Quoique les allégations de la mère aient constitué une « gross misconduct » (§§ 297-298, 300, 302) et aient été mensongères (« not the truth », §§ 300, 316), le juge John Jordan a estimé qu’elles ne devaient pas influencer sa décision, notamment parce que le père ne cherchait pas à obtenir de réparation financière pour le tort subi. Le juge John Jordan a également estimé qu’il n’avait aucune raison de blâmer l’une ou l’autre des parties quant à l’échec de leur mariage (§ 302).
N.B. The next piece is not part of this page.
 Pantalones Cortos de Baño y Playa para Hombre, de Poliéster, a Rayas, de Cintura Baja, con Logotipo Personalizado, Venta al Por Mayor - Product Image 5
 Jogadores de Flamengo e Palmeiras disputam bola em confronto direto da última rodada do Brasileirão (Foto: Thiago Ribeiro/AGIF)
Au regard des enfants, le juge John Jordan a relevé que leurs parents étaient l’un et l’autre des « loving parents » (§ 308) et qu’il n’avait aucune raison de douter de leur capacité ni de leur volonté de s’occuper des enfants. Il a reconnu que le père n’avait violenté aucun des enfants et qu’il n’y avait pas de « child welfare concerns » (§ 309) à son sujet. Il s’est également déclaré convaincu que la mère avait – parfois délibérément – « frustrated » (§ 310) le père de ses enfants après avoir quitté le domicile familial avec eux et que ses allégations avaient probablement eu pour fin de pouvoir négocier les meilleures conditions de dissolution de la communauté conjugale :
« 316. […] The Court is satisfied that the allegations of rape and sexual assault are not the truth. Unfortunately, these allegations appear to the court to be an ill-considered attempt by the respondent to construct a particular narrative in the hope that doing so would gain traction and leverage and assist in negotiating or achieving the best terms of dissolution of the partnership. The respondent was wrong to make these allegations against the applicant and could not but have been aware of the gravity of the allegations she made and repeated. »
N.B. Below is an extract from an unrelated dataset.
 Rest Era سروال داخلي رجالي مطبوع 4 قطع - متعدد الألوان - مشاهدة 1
Après avoir pris diverses dispositions concernant les biens et les finances du couple (§§ 318-348), le juge John Jordan a statué sur la résidence des enfants, alternée au domicile des deux parents selon des modalités très détaillées et assez originales (§ 350), qu’on aimerait trouver dans des décisions françaises.
Convaincu que cette affaire avait été inutilement longue et « particularly bitter » (§ 382) en raison des fausses allégations de la mère, le juge John Jordan a enfin accordé au père la prise en charge de 60 % de ses frais de justice, correspondant à peu près au surcoût généré par les allégations mensongères (§ 387).
- Références
- High Court (Ireland)
Jugement [2021] IEHC 851 (B.P. v S.O.) du 18 février 2021
Jugement archivé au format PDF (679 Ko, 129 p.).